La tempra di un leader

MATTIA FELTRI

Ho guardato due volte il video in cui Beppe Grillo sferra pugni al tavolo per reclamare l’innocenza del figlio Ciro, accusato di stupro e da due anni sospeso nel terrore dell’arresto e del processo. La prima volta ho intuito la disperazione di un padre offuscato, ma alla seconda la disperazione m’è sembrata farsi di lato per lasciare il primo piano a tutto lo sbagliato del mondo. Non c’era niente di perdonabile in quel video. Non c’era nessuna desolazione, nessuna parola dolente per una ragazzina, stuprata o no lo stabilirà un giudice, ma nel migliore dei casi finita al collo della bottiglia e fra le mani di quattro sciagurati. Non c’era il bagliore di un pensiero, soltanto lo sbocco greve di un uomo che passa la vita cercando di consegnare forza con urla e vaffanculo ai suoi dozzinali pregiudizi.

Non c’era lo stupore davanti all’inganno e all’autoinganno di essersi iscritti fra i buoni contro i cattivi per poi ritrovarsi di colpo dall’altra parte.

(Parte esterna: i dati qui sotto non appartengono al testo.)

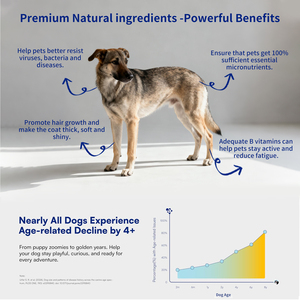 Multivitaminico per cani masticabili-vitamine e integratori per cani con glucosamina - Product Image 2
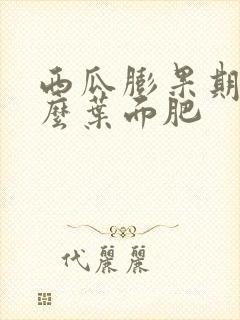 西瓜膨果期喷什么叶面肥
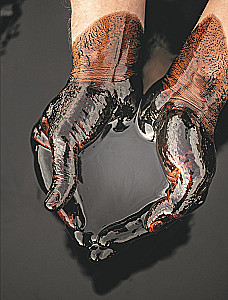 OIL. The History of Black Gold in Russia and the World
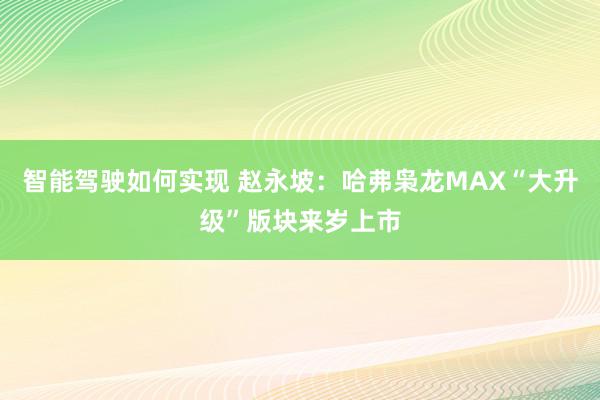 智能驾驶如何实现 赵永坡：哈弗枭龙MAX“大升级”版块来岁上市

Non c’era l’emersione di un minimo banale dubbio che quello che capita a suo figlio capita a cento altri ogni giorno, e che la lentezza, l’incertezza e cioè l’arbitrio della giustizia sono il disastro italiano, non quelle scemenze della casta e dei colletti bianchi per i quali il suo movimento ha ottenuto la fine della prescrizione, e sarà la millesima ingiustizia con cui si apparecchierà soprattutto la tavola dei diseredati, come da sempre è.